▶ REQUIRED WORK:
Ignoring the pictures, repeat every entry below exactly as it appears.

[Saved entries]
-*-*-

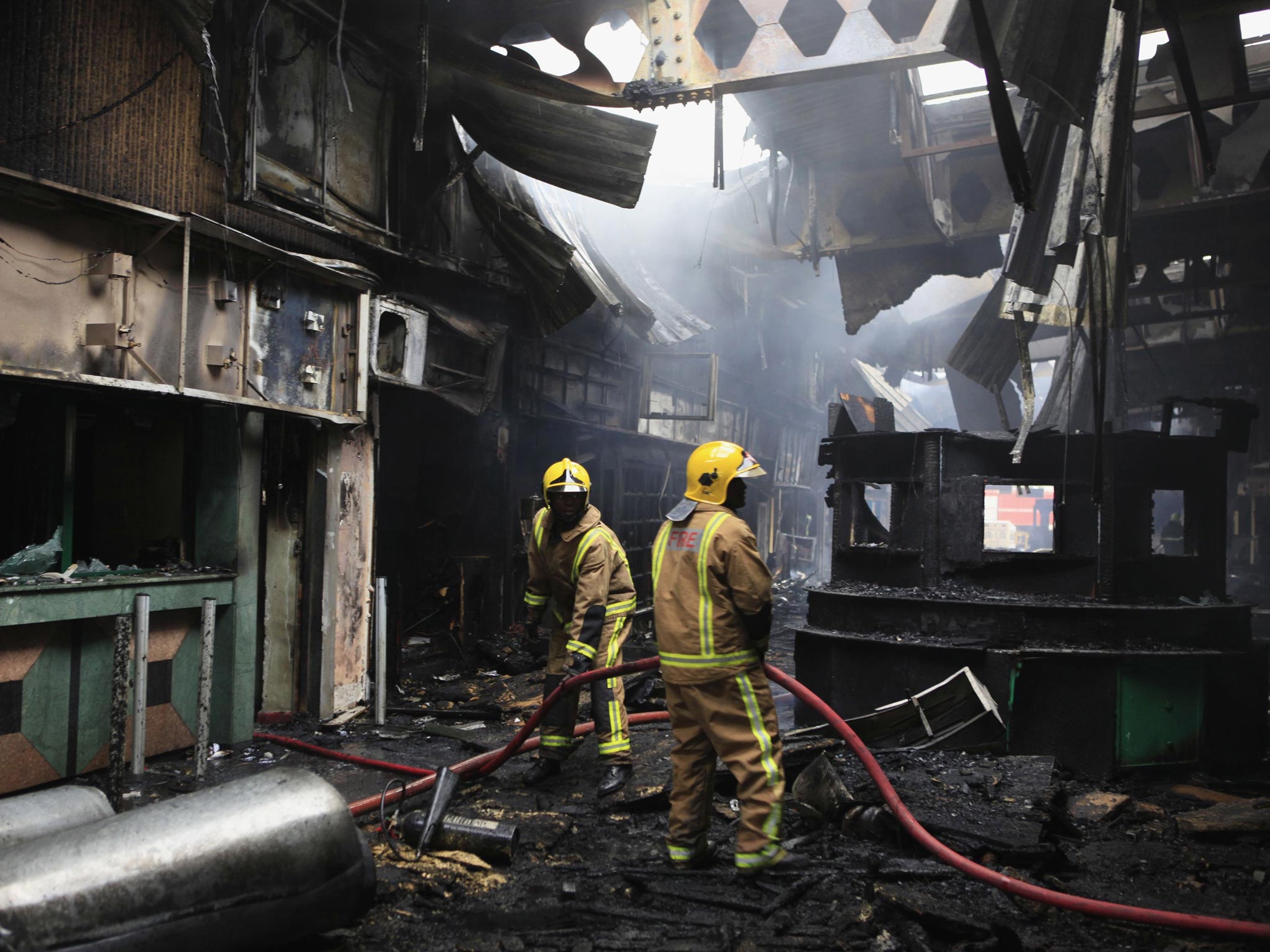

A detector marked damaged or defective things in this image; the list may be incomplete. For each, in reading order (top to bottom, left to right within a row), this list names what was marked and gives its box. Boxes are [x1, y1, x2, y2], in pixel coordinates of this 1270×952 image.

torn roofing sheet [449, 70, 655, 211]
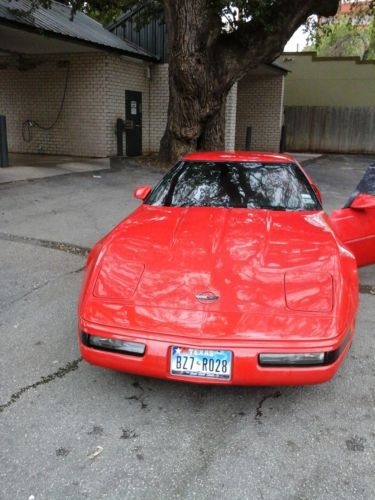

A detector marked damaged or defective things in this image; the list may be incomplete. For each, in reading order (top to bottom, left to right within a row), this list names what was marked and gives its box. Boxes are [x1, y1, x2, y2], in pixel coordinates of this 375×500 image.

crack in pavement [0, 232, 90, 258]
crack in pavement [0, 360, 82, 414]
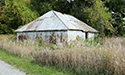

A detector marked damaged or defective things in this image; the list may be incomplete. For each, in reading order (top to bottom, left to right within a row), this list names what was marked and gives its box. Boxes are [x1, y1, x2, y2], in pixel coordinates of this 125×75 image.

rusty metal panel [15, 10, 98, 32]
rusty metal panel [17, 30, 68, 46]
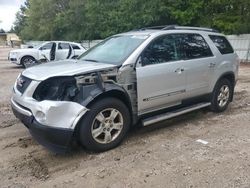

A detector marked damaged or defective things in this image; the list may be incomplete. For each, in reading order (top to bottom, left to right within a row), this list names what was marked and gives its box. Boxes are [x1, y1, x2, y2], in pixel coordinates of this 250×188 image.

crumpled hood [22, 59, 116, 80]
broken headlight [32, 76, 78, 101]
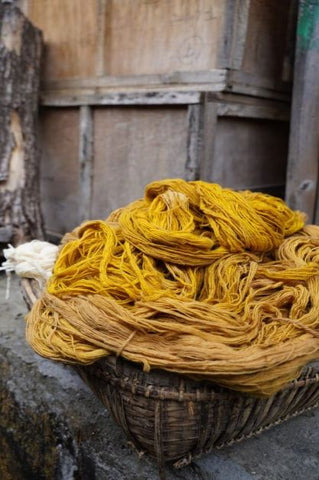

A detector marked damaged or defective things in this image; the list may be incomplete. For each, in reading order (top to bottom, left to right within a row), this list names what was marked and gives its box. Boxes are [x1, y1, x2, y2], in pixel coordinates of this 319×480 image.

cracked concrete [0, 274, 319, 480]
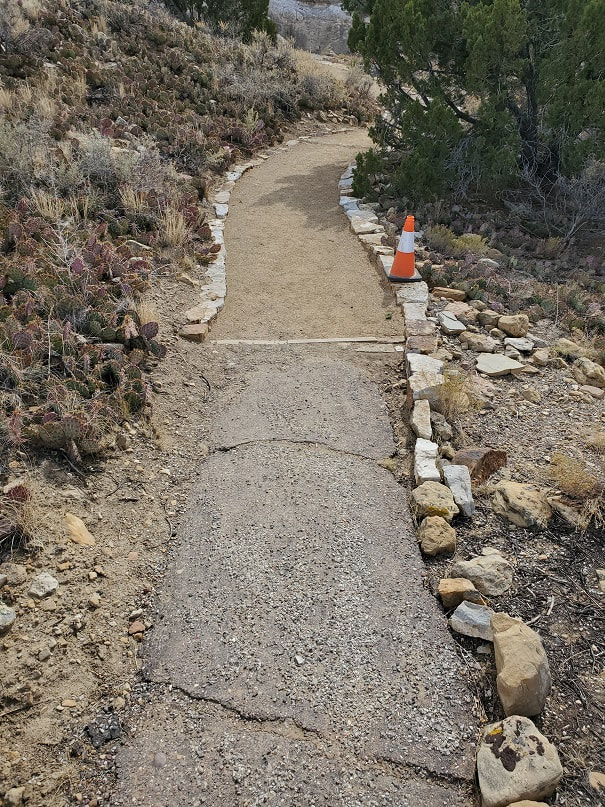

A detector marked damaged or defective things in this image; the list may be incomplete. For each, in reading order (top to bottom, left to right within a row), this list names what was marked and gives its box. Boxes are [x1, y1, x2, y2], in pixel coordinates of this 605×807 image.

cracked asphalt surface [111, 133, 474, 807]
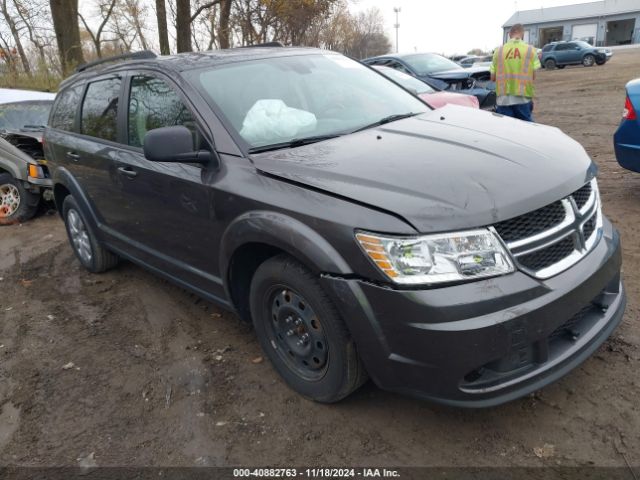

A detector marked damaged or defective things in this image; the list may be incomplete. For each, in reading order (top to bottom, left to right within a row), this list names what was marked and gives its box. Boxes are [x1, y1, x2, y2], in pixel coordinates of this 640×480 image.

damaged vehicle [364, 52, 496, 109]
damaged vehicle [0, 89, 55, 222]
damaged vehicle [45, 47, 624, 406]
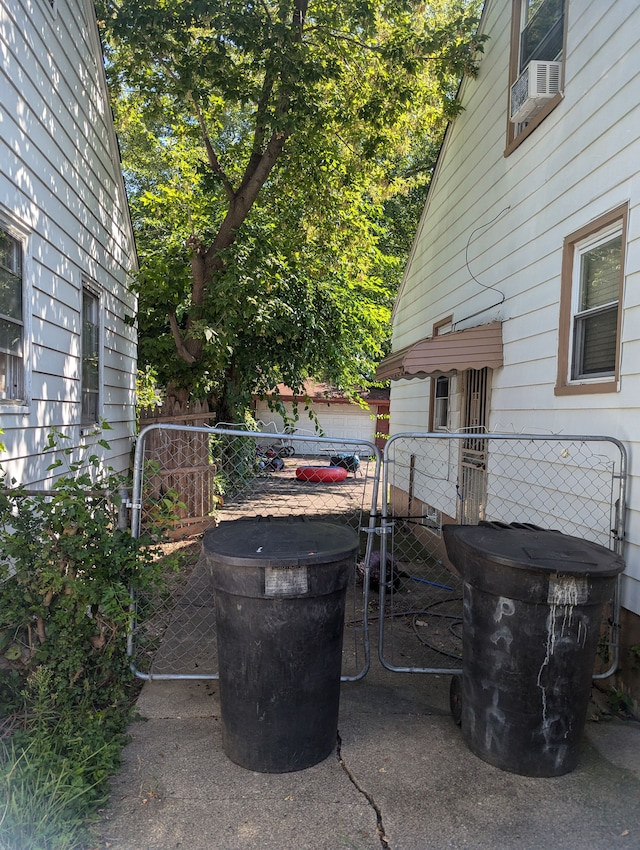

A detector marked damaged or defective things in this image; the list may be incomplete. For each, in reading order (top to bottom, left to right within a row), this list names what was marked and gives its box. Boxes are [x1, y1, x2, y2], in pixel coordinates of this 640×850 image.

crack in concrete [336, 728, 390, 848]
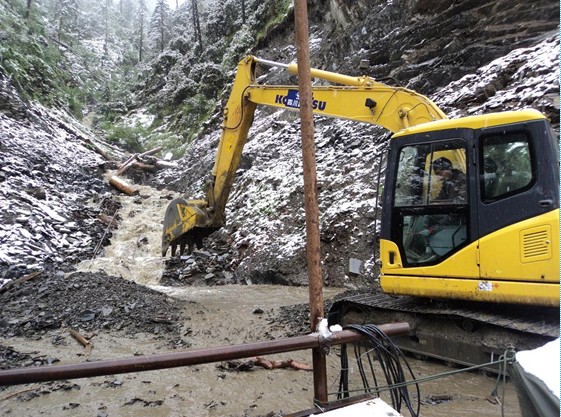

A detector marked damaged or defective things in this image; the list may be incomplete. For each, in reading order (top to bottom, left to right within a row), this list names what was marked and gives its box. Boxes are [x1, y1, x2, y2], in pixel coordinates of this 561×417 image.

rusty metal pole [294, 0, 328, 406]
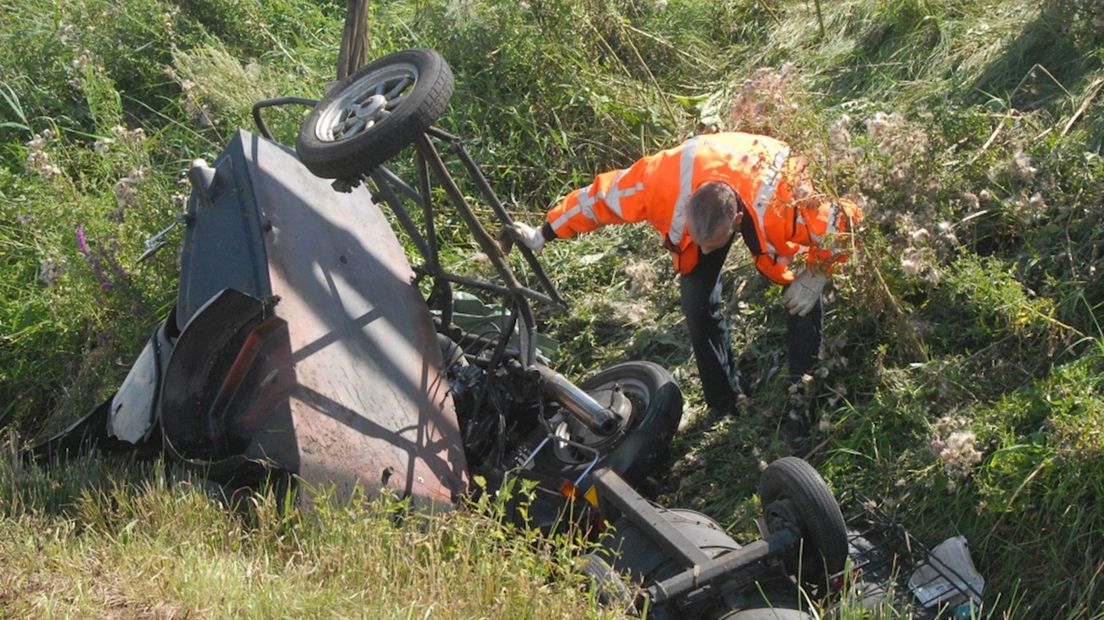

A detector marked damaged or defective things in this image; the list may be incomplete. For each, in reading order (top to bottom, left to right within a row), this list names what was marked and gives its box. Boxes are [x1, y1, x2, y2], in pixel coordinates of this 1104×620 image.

overturned vehicle [34, 47, 852, 613]
wrecked three-wheeled vehicle [32, 48, 869, 617]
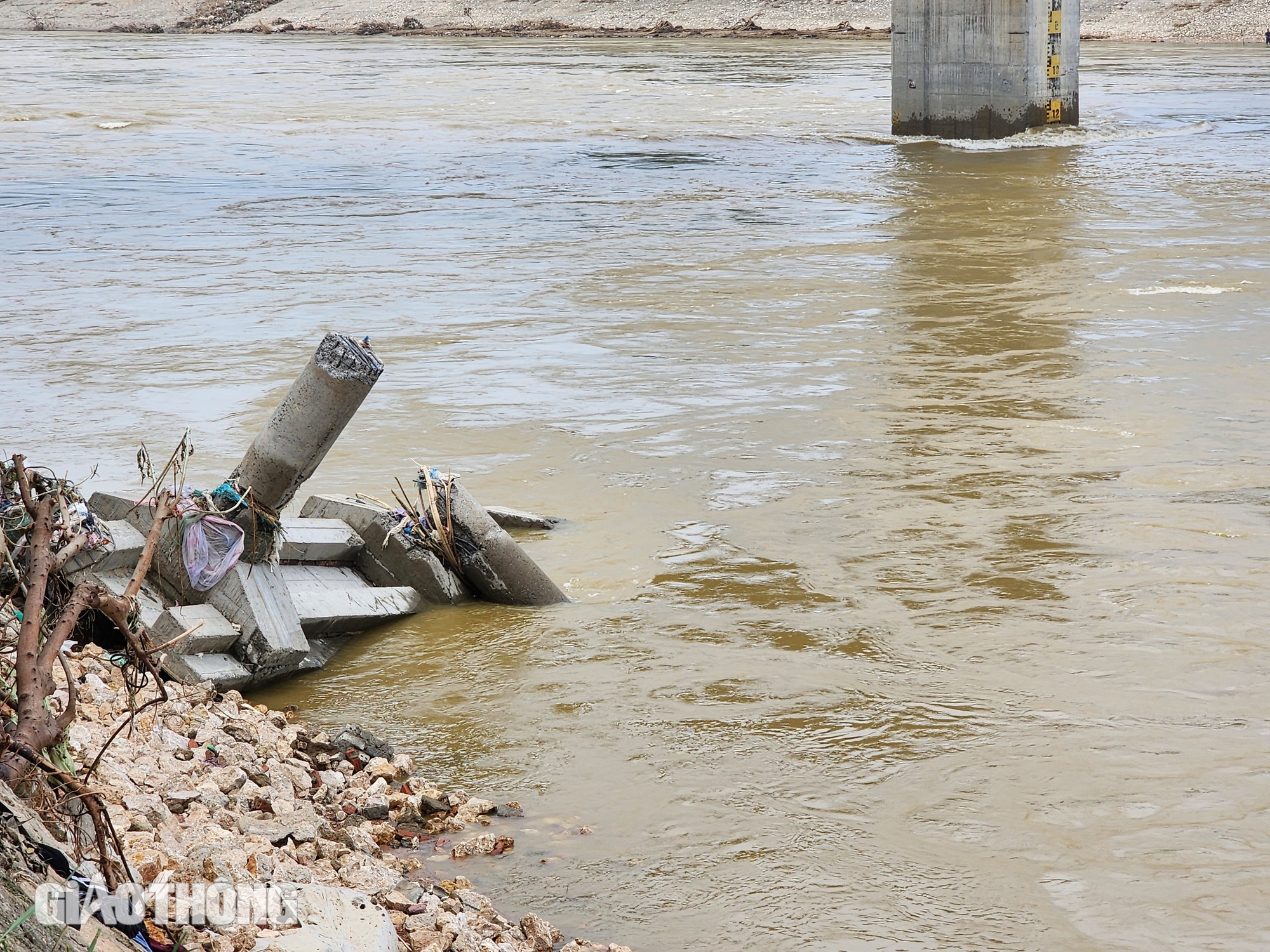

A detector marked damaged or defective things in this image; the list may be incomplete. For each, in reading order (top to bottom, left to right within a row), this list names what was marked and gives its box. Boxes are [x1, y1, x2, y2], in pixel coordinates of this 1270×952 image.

broken concrete pile [3, 642, 630, 952]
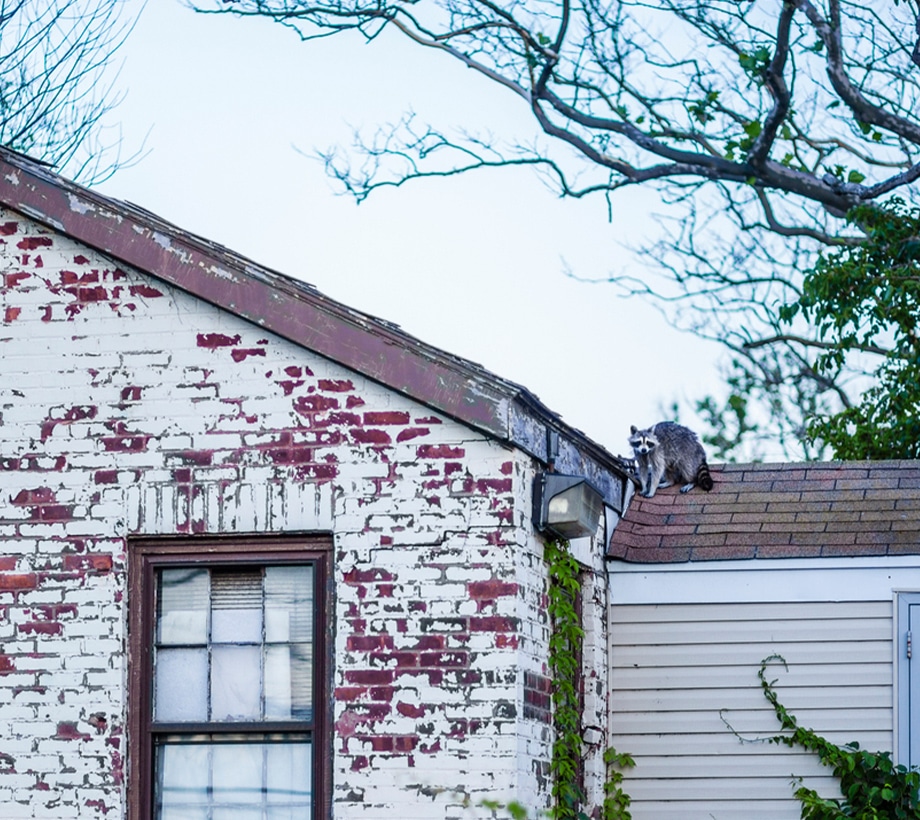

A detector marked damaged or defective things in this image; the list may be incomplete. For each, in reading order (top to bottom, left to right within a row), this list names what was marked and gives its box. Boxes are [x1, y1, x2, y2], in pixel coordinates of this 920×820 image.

-*-*-

▶ TASK RESULT:
A detector marked damaged or defective things in this image; the list may be incomplete. For each, in reading order (top to bottom, left to right within a row), this list names what was marked and gives its box. Boxes are [x1, y1, x2, y2], in pixel coordinates of this 1270×952 image.

torn roofing sheet [449, 70, 655, 211]

A detector marked damaged or defective things in this image; the list may be incomplete. For each, in reading order (top to bottom, left to right within a row), this list names what was marked and gives its box. Boxes are [x1, y1, x2, y2], in pixel coordinates of this 375×500 image.

crack in pavement [0, 232, 90, 258]
crack in pavement [0, 360, 82, 414]

A detector marked damaged or defective things in this image; the list may be incomplete. For each, in reading order (top to bottom, left to right within a row), this list names what was marked and gives its box. Boxes are [x1, y1, x2, y2], in pixel coordinates of this 125×75 image.

rusty metal panel [15, 10, 98, 32]
rusty metal panel [17, 30, 68, 46]

A detector marked damaged or defective things in this image; the list may be incomplete. For each, in reading order (top to bottom, left to right within a row), this list names what was marked and gives its box. Boxes are [x1, y1, x2, y2], in pixel coordinates of this 250×188 image.

crumpled hood [22, 59, 116, 80]
broken headlight [32, 76, 78, 101]

A detector marked damaged or defective things in this image; the list may be incomplete. For each, in reading order (top to bottom, left to right within a row), this list names what was marked and gives its box. Boxes are [x1, y1, x2, y2], in pixel coordinates of this 319×480 image.

cracked concrete [0, 274, 319, 480]

A detector marked damaged or defective things in this image; the list may be incomplete. For each, in reading order (top to bottom, left to right within a row), this list names what was marked and gives its box. Boxes are [x1, y1, x2, y2], in pixel coordinates of this 605×807 image.

cracked asphalt surface [111, 133, 474, 807]

A detector marked damaged or defective things in this image; the list may be incomplete. For each, in reading order (top to bottom, left to right within a row), this list names what was marked and gives its box. Boxes are [x1, y1, x2, y2], in pixel coordinates of this 640×480 image.

damaged vehicle [364, 52, 496, 109]
damaged vehicle [0, 89, 55, 222]
damaged vehicle [45, 47, 624, 406]

A detector marked damaged or defective things in this image; the list may be incomplete. For each, in reading order (top to bottom, left to right within a row), this list names what was marked and gives its box. Boxes are [x1, y1, x2, y2], in pixel coordinates of this 640×850 image.

crack in concrete [336, 728, 390, 848]

A detector marked damaged or defective things in this image; the list may be incomplete. For each, in reading order (top to bottom, left to right within a row), this list names what was marked and gives its box. Boxes are [x1, y1, x2, y2], in pixel coordinates of this 561×417 image.

rusty metal pole [294, 0, 328, 406]

A detector marked damaged or defective things in this image; the list may be incomplete. For each, in reading order (top to bottom, left to right within a row), this list names what was marked and gives its box. Boxes are [x1, y1, x2, y2], in pixel coordinates of this 1104×620 image.

overturned vehicle [34, 47, 852, 613]
wrecked three-wheeled vehicle [32, 48, 869, 617]

A detector marked damaged or defective things in this image; the list may be incomplete. For each, in reading order (top to bottom, left to right within a row), this list names what was marked and gives its box. Boxes are [x1, y1, x2, y2], in pixel coordinates of this 1270×952 image.

broken concrete pile [3, 642, 630, 952]

A detector marked damaged or defective things in this image; the list may be incomplete. For each, in reading order (top to bottom, left to right within a row), this list names what was marked and gives its box. Boxes are [x1, y1, x2, y2], in pixel coordinates of this 920×820 image.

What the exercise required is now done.